Charles III on Monday attended his first Commonwealth Day service as king, issuing a call for unity to tackle the globe’s most pressing issues.
The 74-year-old monarch heads the 56-nation grouping, which accounts for 2.6 billion people or approximately one third of the world’s population.
He led senior royals and representatives from member states at the annual celebration of the institution at Westminster Abbey in central London.
The Commonwealth, which includes tiny Pacific island nations and major global economies such as Canada and Australia, was a “force for good”, Charles said.
“Whether on climate change and biodiversity loss, youth opportunity and education, global health, or economic co-operation, the Commonwealth can play an indispensable role in the most pressing issues of our time,” he added from the pulpit.

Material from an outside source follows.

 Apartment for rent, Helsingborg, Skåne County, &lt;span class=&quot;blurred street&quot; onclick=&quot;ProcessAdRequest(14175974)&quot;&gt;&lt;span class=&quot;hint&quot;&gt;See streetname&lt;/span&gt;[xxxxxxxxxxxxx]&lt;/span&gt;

“Ours is an association not just of shared values but of common purpose and joint action.”
Charles took over as head of the Commonwealth, many of whose members are former British colonies, after the death of his mother, Queen Elizabeth II, last September.
But he has represented the late monarch at previous Commonwealth Heads of Government meetings since old age forced her to stop foreign travel.
He said he had been inspired by her example, and was inspired by the institution’s “near-boundless potential as a force for good in the world” as well as its member countries’ young demographics.
Since coming to the throne, Charles, who will be officially crowned in May, has sought to put the Commonwealth at the heart of his reign.
Before his mother’s funeral, he hosted Commonwealth and world leaders at Buckingham Palace.
There were also private audiences for the 14 Commonwealth realms outside the UK where Charles is also sovereign, including Australia and New Zealand.
He also hosted member state South Africa’s President Cyril Ramaphosa for the first state visit of his tenure.
The diplomacy, however, comes as he faces the tricky task of keeping the self-styled Commonwealth family together.
There have long been questions about whether he can inspire the same respect and devotion as his mother, and increasing republican headwinds.
Charles’s eldest son and heir Prince William got a taste of the push to break free from the monarchy last year on a visit to the Caribbean.
Protests in Jamaica and The Bahamas came after another Commonwealth member, Barbados, ditched the queen as head of state to become a republic in 2021.
Australia, where a sizeable proportion of the population want to become a republic, is expected to head in the same direction.
Charles has indicated he will not stand in the way of countries that want to do the same.
In London on Monday, there were renewed protests from republicans in the UK opposed to the hereditary principle of monarchy.
A handful of demonstrators carried placards saying “not my king”, echoing similar protests at royal engagements in recent months.